タンポポ調査西日本2010 徳島県予備調査結果


グーグルマップを利用した調査したメッシュの詳細地図

グーグルマップを利用した調査結果の詳細地図


 

1.調査への取り組み

 徳島県では、いままでに全県にわたってのタンポポ調査は実施されたことがありません。そのため、徳島県のタンポポ属の分布の概要を把握するために文献と標本の調査を行いました。徳島県植物誌(阿部)にはカンサイタンポポ、シロバナタンポポ、クシバタンポポ、ヤマザトタンポポ、セイヨウタンポポ、アカミタンポポの6種が記録されています。県立博物館に収蔵されている標本を調べて分布図を描いたのが図1です。
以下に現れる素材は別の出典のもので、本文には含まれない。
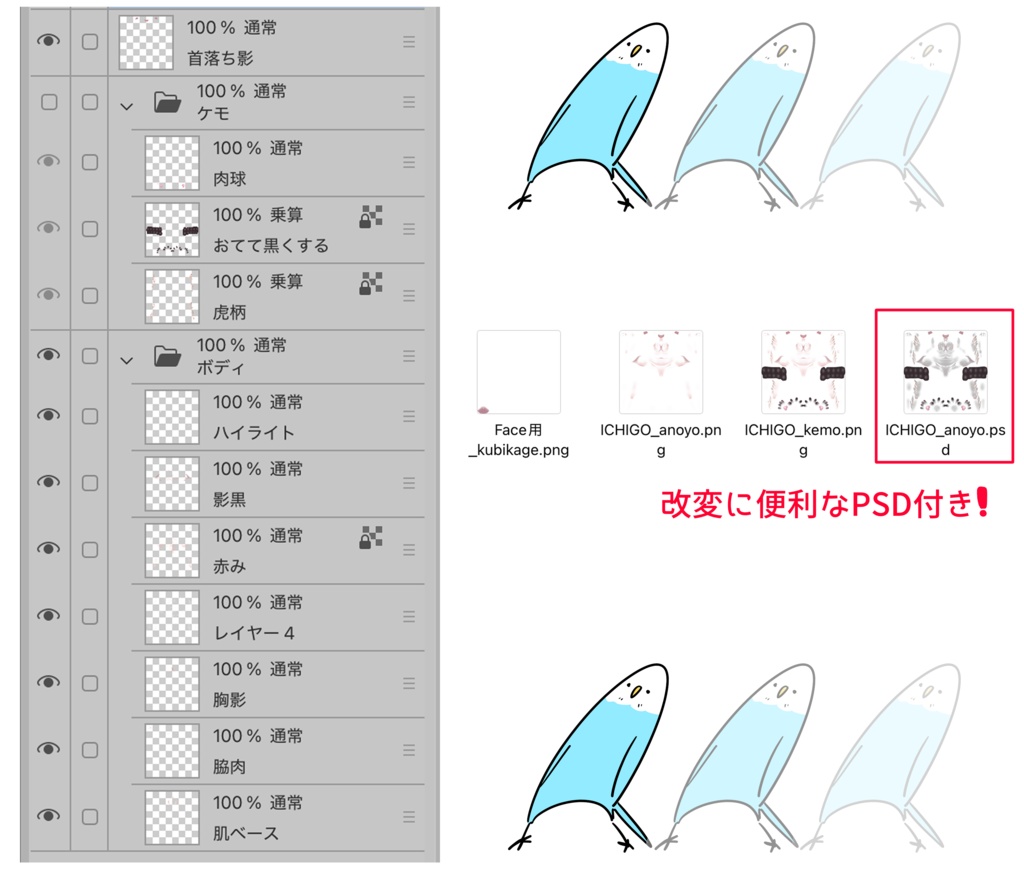 イチゴちゃん性癖もりもりボディテクスチャ✧Ichigo Body Texture✧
カンサイタンポポは広く分布し、セイヨウタンポポは都市部にも多いが、山間部にも分布していることがわかります。しかしながら、標本の調査では、標本のラベルには経緯度等の産地を特定する情報は書かれていないために、地名から場所を読み取ることになり、詳細な精度で分布のプロットを打つことはできません。また、古い標本が多いので、このデータだけで現状を把握することは困難です。さらに、阿部がヤマザトタンポポとした標本を調べましたが、カンサイタンポポの誤認と思われました。
 以上のことを踏まえて、①徳島県におけるタンポポの詳細な分布を記録し、継続的に調査することで、自然環境の変化をとらえる、②ヤマザトタンポポを含めて徳島県に分布するタンポポの種類を明らかにする。③在来種と外来種の雑種の現状を明らかにする、④調査を通じて、参加者の自然環境への関心を高めることを目的に、タンポポ調査西日本に参加することにしました。
 調査に先立ちヤマザトタンポポの実態を把握するために、2007〜2008年に兵庫、鳥取、島根、岡山、愛媛の各県に赴き、タンポポを調べました。
 調査体制としては、徳島県実行委員会を結成し、米澤義彦氏(鳴門教育大学)を委員長とし、森本康滋氏(徳島県自然保護協会会長)、木下 覺氏(徳島県植物研究会会長)、茨木 靖学芸員(徳島県立博物館)と小川がメンバーとなり、調査方法や説明会、広報について検討を行いました。
 2009年4月19日には一般向けの野外説明会とスタッフ向けのサンプル処理室内実習を行いました。調査用紙は県内の各学校に送付し、博物館のイベントや研究会等で配布しました。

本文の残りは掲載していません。